Риторика, расщеплявшая веру и обряд, использовалась не только для унижения католиков перед православными и вообще не была монополией власти. Думается, сплав политики и религии в мероприятиях Петра надолго предопределил двойственность в истолковании требований, предъявляемых властью к религиозности подданного. В то время как жесткая конфессионализация подразумевала упорядочение институций, унификацию культа, включение таинств и/или обрядов в сферу ритуалов государственной лояльности, тут же оставалось вроде бы и побуждение к спиритуализации веры – а оно могло «рикошетить» по официальной церкви. Так, удивительный эффект имело великопостное чтение по православным храмам букваря Феофана Прокоповича «Первое учение отроком» (1720). Задуманный как доступное простонародью изложение основ православной веры и противоядие от «суеверий», букварь послужил позднее, в 1760-х годах, толчком к формированию сектантского движения, в частности секты духоборцев.

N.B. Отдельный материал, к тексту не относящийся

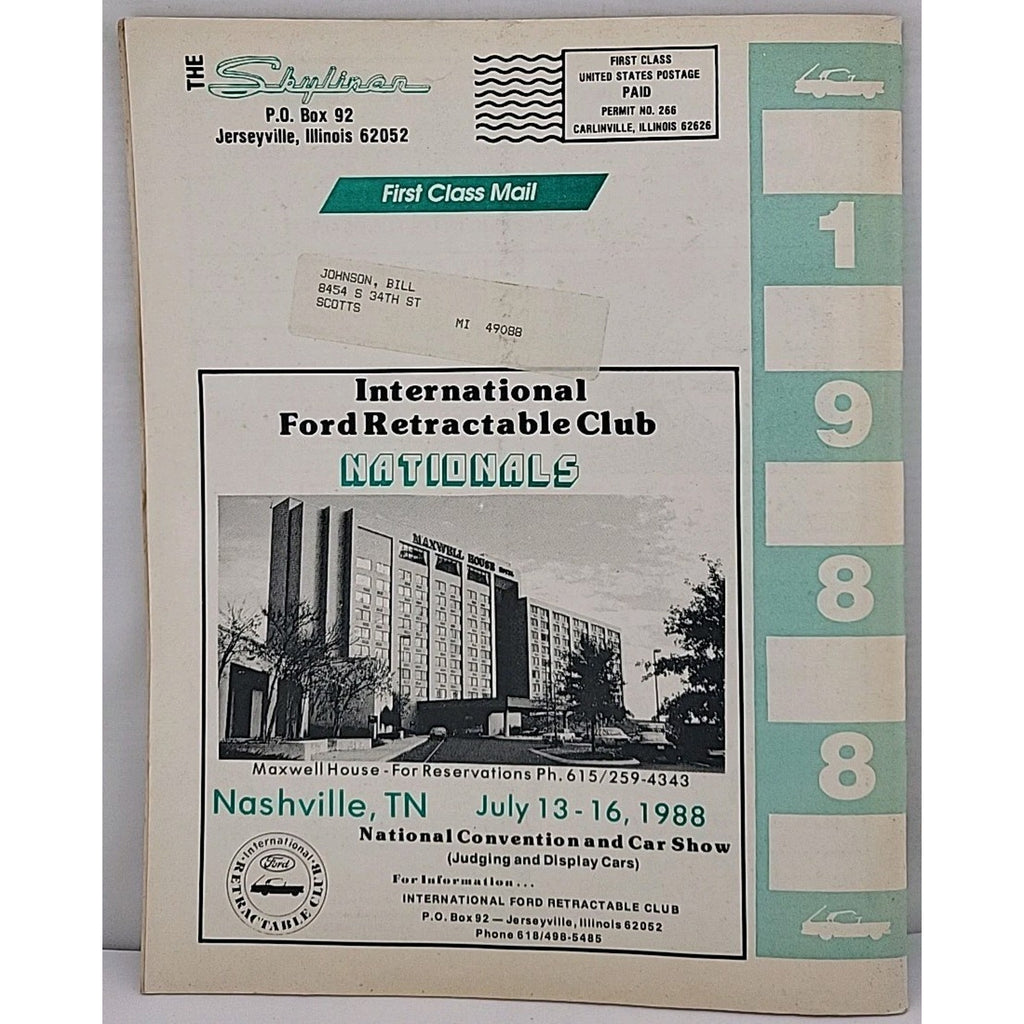 International Ford Retractable Club - 1988 Roster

Одним из ее конституирующих требований был полный отказ от икон. «Первое учение отроком», разумеется, не возбраняло молитву перед иконой, но многословные инвективы Феофана против обоготворения икон, пренебрежительная тональность в высказываниях об обрядности как таковой и пафос, с которым вслед за тем Писание провозглашалось главным источником веры, помогли сомневающимся в синодальном православии выработать некое видение «нерукотворной церкви»[100].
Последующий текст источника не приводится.